The Stone Pier was another of my favourite stamping grounds. It was really the commercial side of the harbour, and provided shelter and a safe mooring for fishing boats, pleasure craft, and as an unloading quay for a few small coasters, usually carrying coal or timber. I loved the large cast iron cranes that rolled along embedded rails at the edge of the quay. They were very rarely used, and were covered in rust, but I found them fascinating.
One of the high spots about a visit to the stone pier was the model railway that ran on the upper level of the pier from Droit House, known as the clock tower, and down to the lighthouse. A live-steam ‘Flying Scotsman’ type locomotive was used to haul the train.
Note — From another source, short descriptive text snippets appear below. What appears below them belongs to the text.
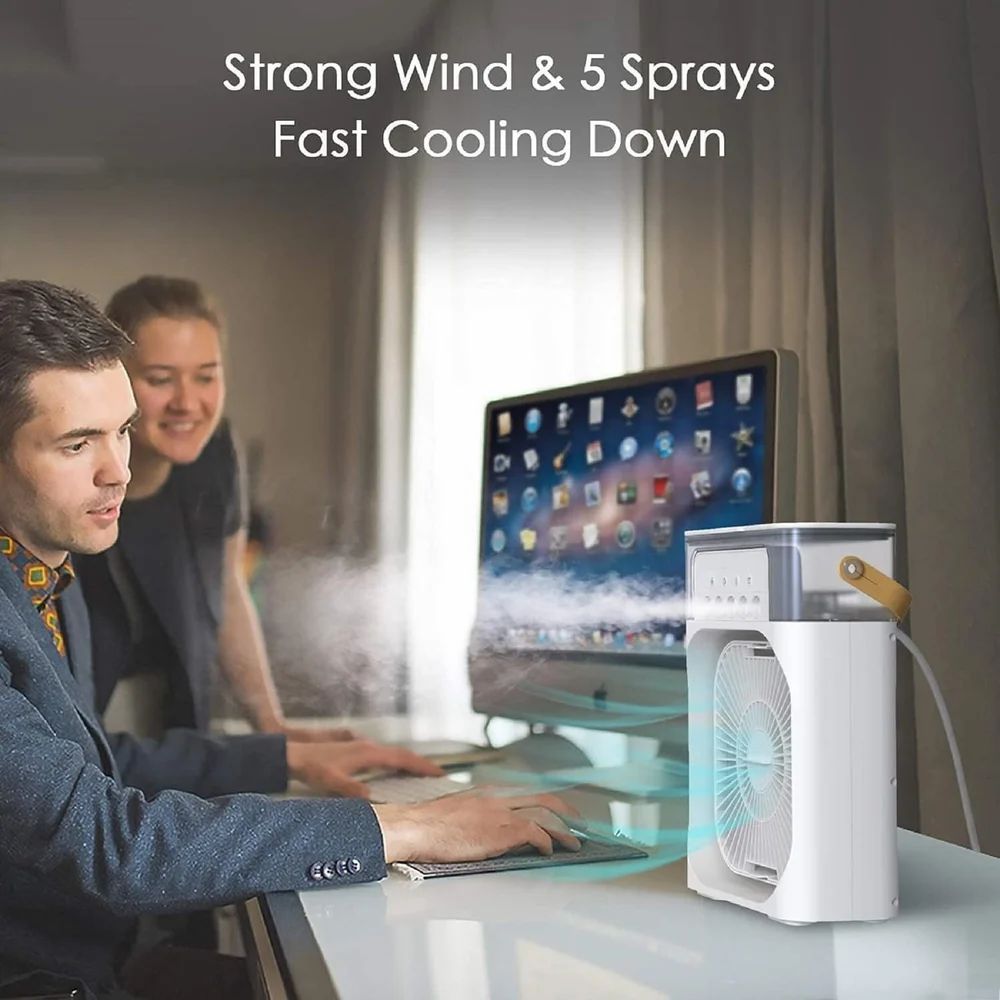 Portable Mini AC – Instant Cooling, Anywhere Mini Cooler for Room Cooling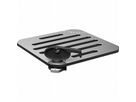 Geberit, Grille verrouillable, pour grilles-siphons 13 x 13 cm et grilles-avaloirs 13 x 13 cm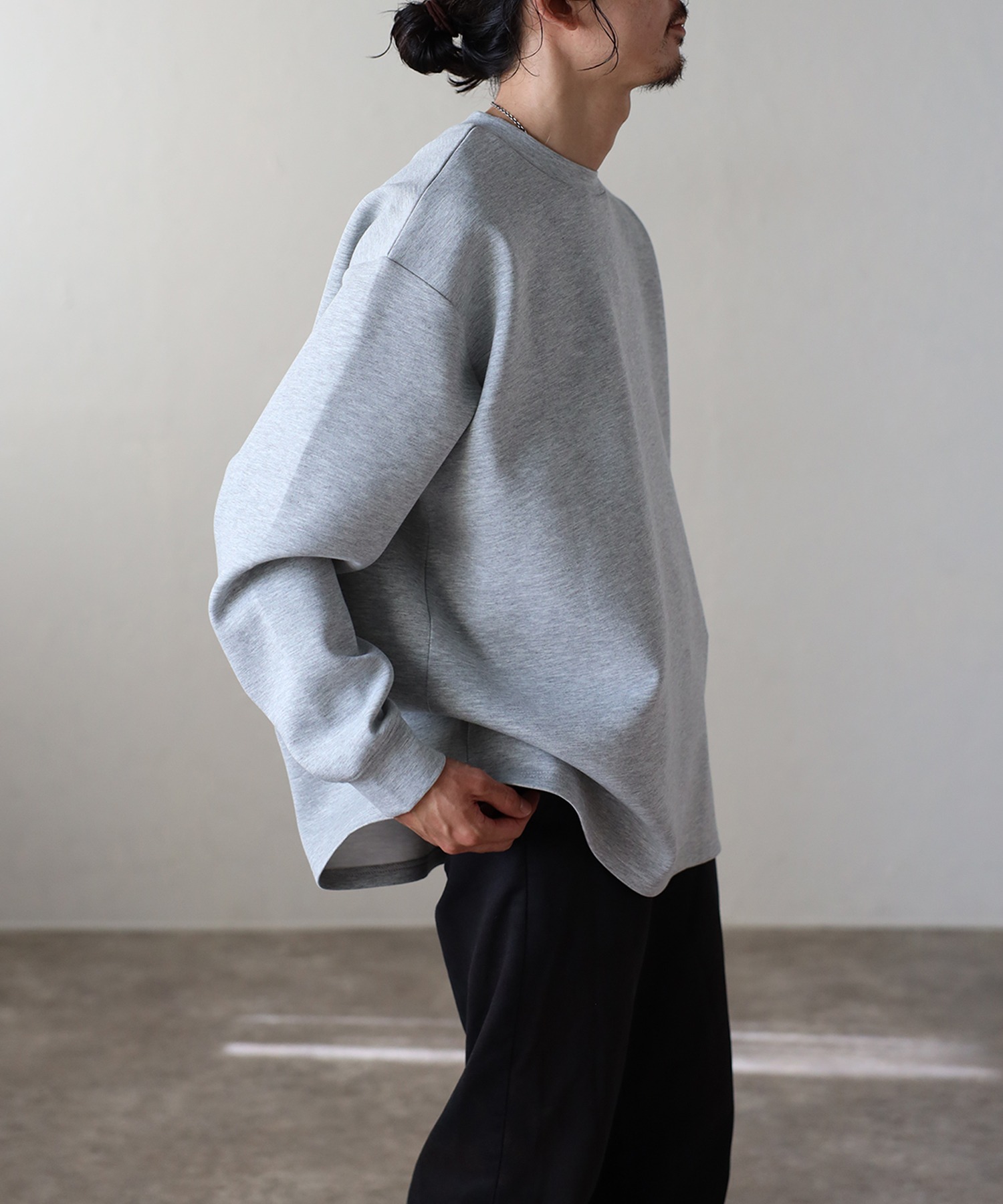 model：H170 着用サイズ：FREE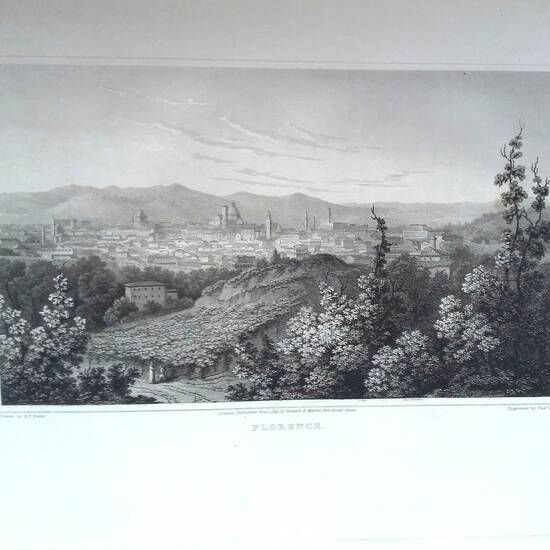 Italian Scenery from Drawings made in 1817 by Miss Batty.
It used to run during the summer months.
After the 1953 storm had wrecked the pier Margate, Pier & Harbour Co Ltd moved the railway onto the Iron Jetty and it was run there for about 10 years with a new D1000 Western Independence diesel locomotive built by David Curwen. The railway was sold in 1975 and bought by a Cliftonville man called Arthur Pay. For some years he ran it in his garden near Northdown Park, and I went on it at one of the Open Days he used to hold. Today, the locomotive and rolling stock operates on the Royal Victoria Railway, Netley near Southampton where it has been since 2003.
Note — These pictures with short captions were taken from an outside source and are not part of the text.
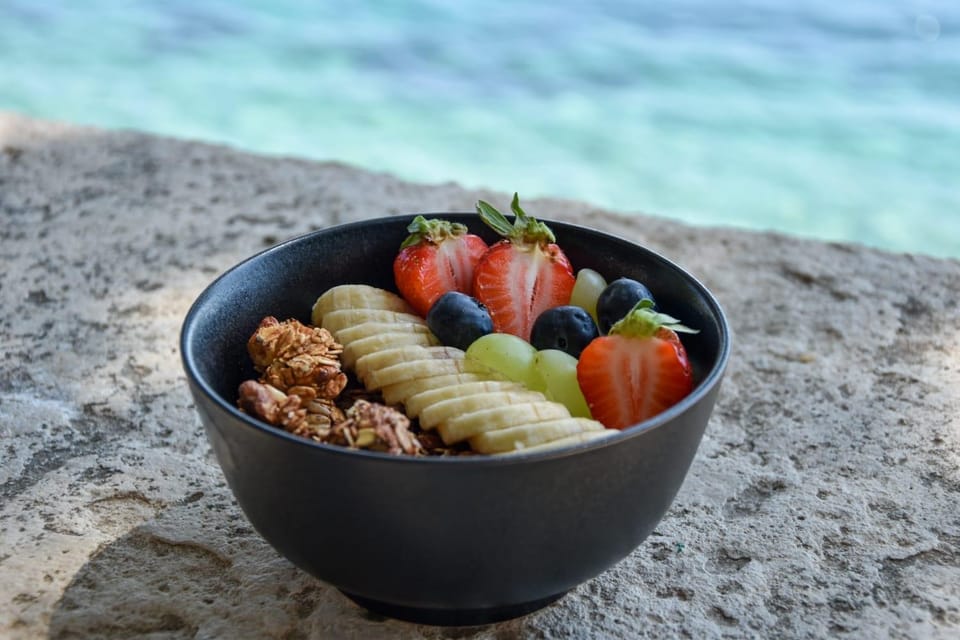 Off site, Food and drinks, Food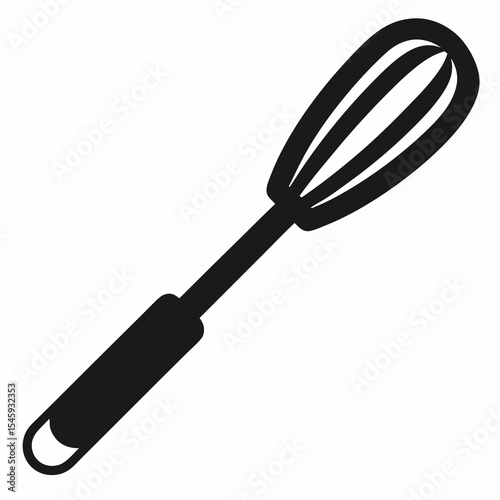 kitchen spatula isolated on white background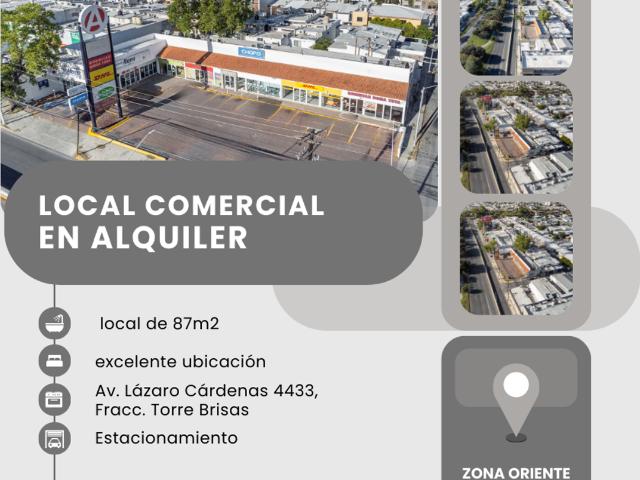 Local Comercial en Renta – Torre Brisas, Monterrey, N.L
Shore fishermen lined up along the raised section of the stone pier, trying to catch cod during the winter. I did my own share of fishing on the end of the Pier, but nowhere near so successfully. I used to sit at the foot of a set of stone steps that led down to the water just beneath the lighthouse, so I could drop my hook straight into the sea. My fishing tackle consisted of a small rectangular wooden frame, around which the fishing line was wound. On the end of that was a single hook, and a fishing weight that was made of lead, and resembled a grey coloured, oversize knobbly Polo mint! I used bits of squid, mussels and worms for bait, but all I ever caught were crabs.
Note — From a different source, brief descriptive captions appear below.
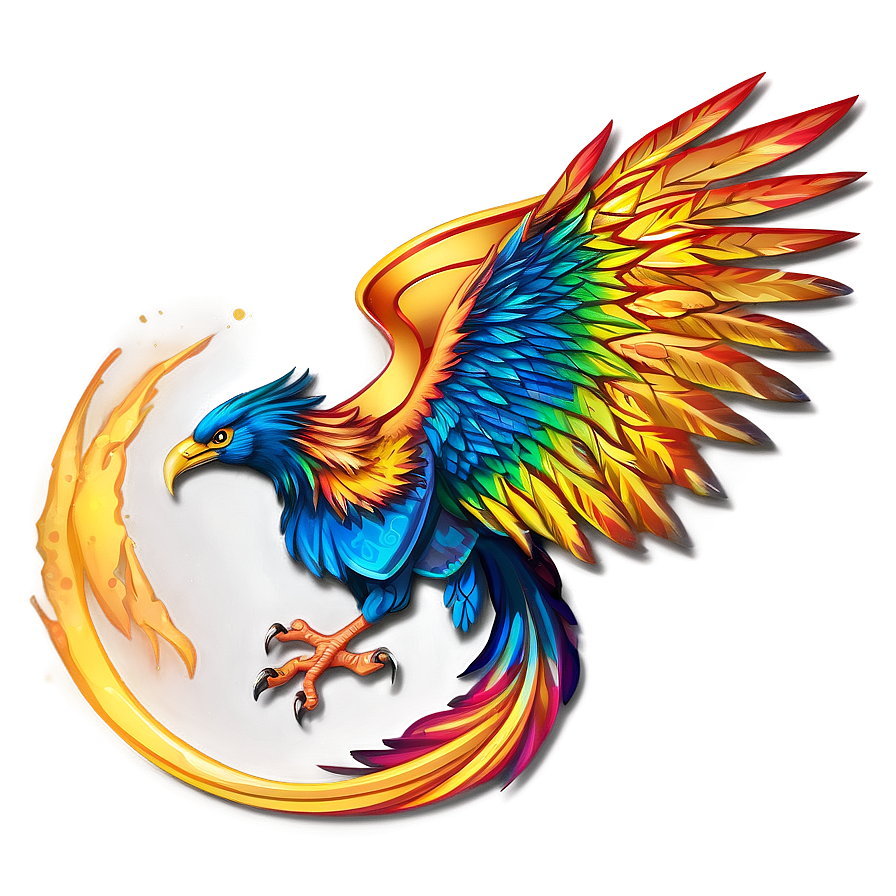 Phoenix Mythical Bird Png Gcx PNG image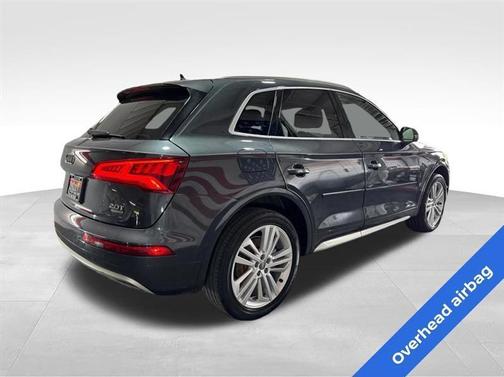 Manhattan Gray Metallic 2018 Audi Q5 2.0T Premium Plus
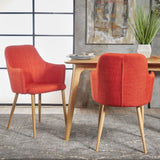 Elegant Dining Chair With Contoured Support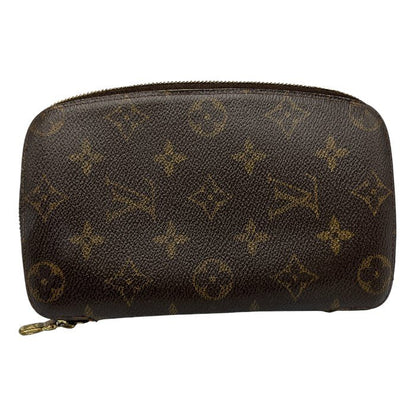 ルイヴィトン LOUIS VUITTON モノグラム アジェンダジオット 手帳ケース ラウンドファスナー ブラウン M62950 ブランド 小物 カード入れ 中古 W４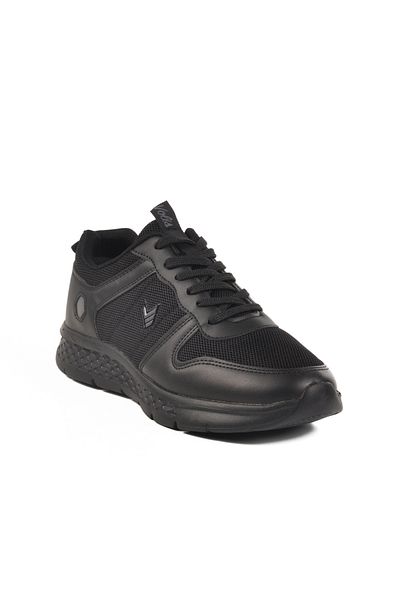 AYK'S Black Mesh Memory Foam Men's Sports Shoes Volis M-25501 m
The lighthouse at the end of the stone pier at Margate was completely destroyed in the Great Storm of 1953. An unfortunate combination of the storm, a northerly wind, spring tides, and a low pressure over the North Sea combined to wreak havoc along the North Kent coast. In fact although we didn’t know it then the storm was Europe wide, with over 500 people being killed in England and over a 1,000 in Holland. I remember going down to Margate on the morning after the storm.
The whole of the Old Town was flooded with several feet of seawater and it reached right up to the Elizabethan houses in King Street. Policemen were teamed up with harbour boatmen and punting along the flooded roads rescuing people. Down on the sea front the whole coastline was littered with planks and debris from the pier and hundreds of shattered beach huts.
This meant a major change to Margate. Up until this point there were so many ways for the trippers to come down to Thanet. Special trains would run constantly down from London and even down from the north. Coaches, or more correctly Charabancs would flood in by road along with lots of chartered red London buses. There was also a big increase in the number of motorcars on the road and of course a great many motorcycles. The Jetty however brought in hundreds of day-trippers and especially at the weekends, the ships would arrive with crowded decks. The hordes of people would troop off down the jetty to join the multitudes of people flooding down the road from the railway station and coach park, all heading for Dreamland, the amusements, and to try to find a place on very crowded sands. After the storm however this means of access was gone forever, and of course the attraction of walking the along the Jetty and the ‘End of the Pier Show’ was destroyed overnight.
In the early evening of a day in November 1964, fire swept the end of the jetty, destroying the pavilion, it was never rebuilt. The jetty was finally destroyed in a storm in 1978.
The picture was of the harbour the day after the storm. The lighthouse is missing and the planks came from the sun-deck and the iron jetty. I think it was me on the left.